What grounding requires

No child learns language from a corpus. A child moves through a world that persists, that occupies space, and that changes over time. They push objects and watch them fall. They occlude one thing with another and find it still there when the occluder moves. They act, observe the consequence, and quietly update an internal model of how things behave. Words arrive late to this process, and when they arrive they attach to a model that is already richly structured. The word does not build the concept; it labels one that perception has already isolated.

World models

So we build the understanding first. A Serotonin world model represents the world not as a stack of static frames but as something that endures and transforms through time — three spatial dimensions plus temporal one along which everything plays out. Object permanence, motion, contact, deformation, cause preceding effect, the affordances a scene offers an agent: these are properties of the world, and a model that only sees snapshots cannot represent them cleanly.

The model is trained the way a child's expectations are trained — by prediction. Where a text model learns to anticipate the next token, ours learn to anticipate the next perceptual state: what the world will look like a moment from now, what will happen if the agent acts, what should follow from what came before. Prediction under this pressure forces the model to discover the regularities that make the future predictable at all. A falling object, a rolling object, an object about to topple — each becomes a reusable latent structure in the model, isolated and stable, before any word is attached to it.

Open-endedness

A child is not handed a fixed dataset and a fixed labeling scheme. Neither are our systems. They explore, set their own goals, and seek out the situations that are most informative to them at a given moment. Novelty is the signal that drives learning forward. New vocabulary grounds as the agent encounters the experiences that vocabulary refers to, and the process does not terminate. There is no point at which language acquisition is declared finished, because there is no point at which experience is.

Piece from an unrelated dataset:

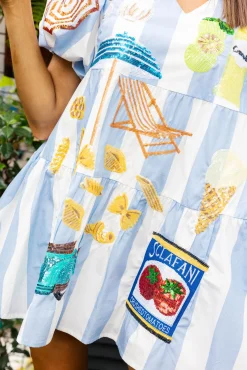 Discount Queen Of Sparkles Stripe Italy Dress Light Blue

This open-ended, experiential regime is what lets grounding scale. Rather than curating every concept a system should hold, we build an agent that goes and acquires them — and acquires the words for them in the same motion.

What we are seeing

The behavior this produces is recognizable. Terms grounded in one setting carry over to settings the system has not been trained on, because they were never tied to the training setting in the first place — they were tied to events. The system can describe situations it was never given words for by composing grounded parts. Its language and its predictions stay consistent with each other, because both draw on a single underlying model of the world rather than on two separate competencies that have to be kept in alignment.

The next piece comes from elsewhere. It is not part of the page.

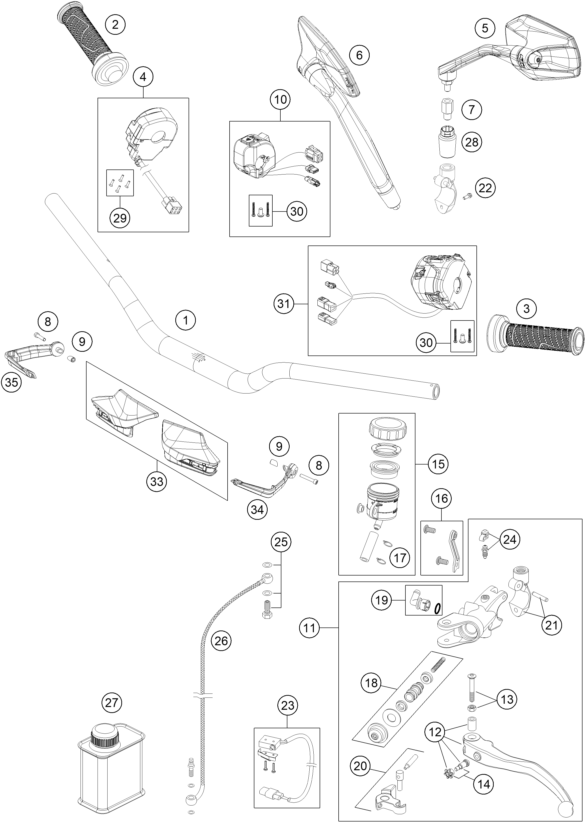 Sprängskiss: Handlebar, Controls – KTM 1290 Super Duke GT, white 2019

None of this is finished work, and we are deliberate about not overstating it. Grounding is hard, open-ended learning is harder, and a 4D world model is an expensive thing to build well. But the direction has held up under pressure where the text-first approach tends to fray, and it has done so for a reason we find clarifying: meaning was never in the words. It was in the experience the words were standing in for. We are building the experience first, and letting the language follow.